Capítulo 7. ¡𝑺𝒊 𝒕𝒖 𝒗𝒊𝒅𝒂 𝒒𝒖𝒊𝒆𝒓𝒆𝒔 𝒅𝒊𝒍𝒂𝒕𝒂𝒓, 𝒅𝒆 𝒍𝒂𝒔 𝒃𝒓𝒖𝒋𝒂𝒔 𝒕𝒆 𝒉𝒂𝒔 𝒅𝒆 𝒛𝒂𝒇𝒂𝒓!
La corbata se había convertido en un malévolo objeto encantado alrededor de su cuello. Trastabillando escaleras abajo, tanteó el nudo hasta desaflojarla y se desabrochó el botón que le presionaba la tráquea. Con la yema de los dedos percibió el calor abrasador de la sangre en la carótida. Parecía que lo que recorriera su organismo fuera magma a poco de cambiar su estado al de la lava más candente y buriel. Corrió hacia el vestíbulo y salió del hotel de una zancada. Las bajas temperaturas de la madrugada no surtieron efecto. Densos sudores resbalaban por su cara y le empapaban la camisa.
Intercaló las piernas calle arriba en un tambaleo. Se secó de la frente las gotas que le irritaban los ojos e incurrió en sus manos cuando logró enfocarlas. Gritó desaforado. Estaban borrosas, deformes, y sus dedos se movían alternando constantemente de tamaño.
—¿Qué... qué me pasa?
Hasta su voz le sonó rara.
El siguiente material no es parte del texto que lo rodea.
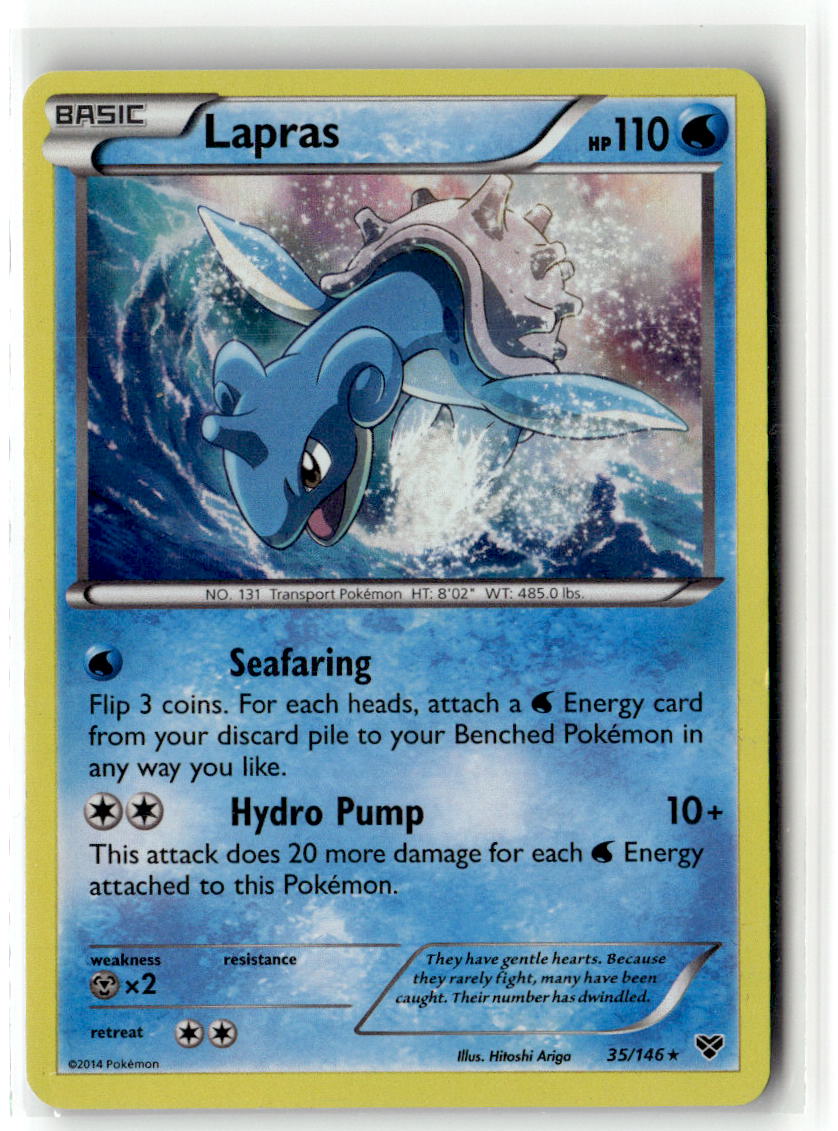 Front of Lapras 35/146 from XY Base Set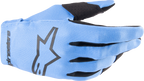 ALPINESTARS Youth Radar Gloves - Light Blue/Black - XS 3541824-7056-XS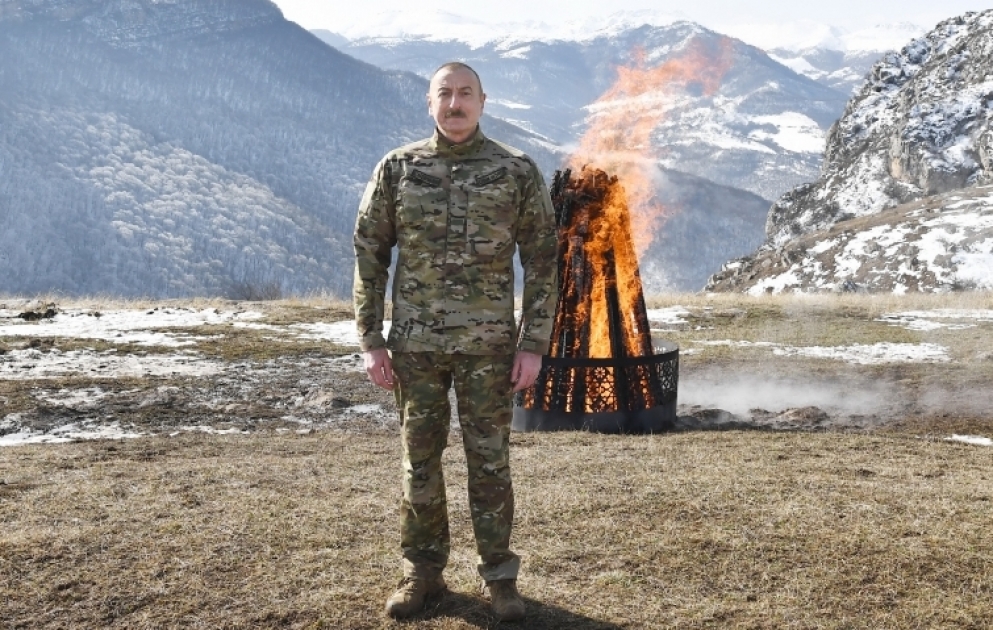 Prezident İlham Əliyev: Novruz bayramını Şuşada, Cıdır düzündə qeyd etməyimiz tarixi hadisədir VİDEO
No sentía que procediera de su garganta. Parecía una especie de cuchicheo impelido por el crepitar de los árboles.
—Tengo que... tengo que... tengo que volver...
Observó el entorno buscando algún detalle al que aferrarse. La avenida, reservada y deprimente, la componía una angosta calzada a las lindes de un boscaje de aspecto escalofriante. Las ramas de los árboles demudadas por el otoño interpretaban un cántico estremecedor. Las nubes se desplazaban raudas por un cielo encapotado, presagio de un diluvio que ocultaría Salem de la faz de la Tierra.
—¿Dónde... dónde estoy...?
Una espesa bruma anegó el ambiente. Descendía del bosque, del fondo oscuro de los árboles, y arrastraba una sensación de angustia y terror asfixiante. Los latidos de su corazón retumbaban en la tela de la camisa rogando una huida inmediata.
—Qué... es... esto...
Quiso moverse, correr, pero sus piernas estaban paralizadas. Un gemido nació de su boca. Se agarró la camisa con una fuerza abismal mientras sentía que toda su fortaleza menguaba.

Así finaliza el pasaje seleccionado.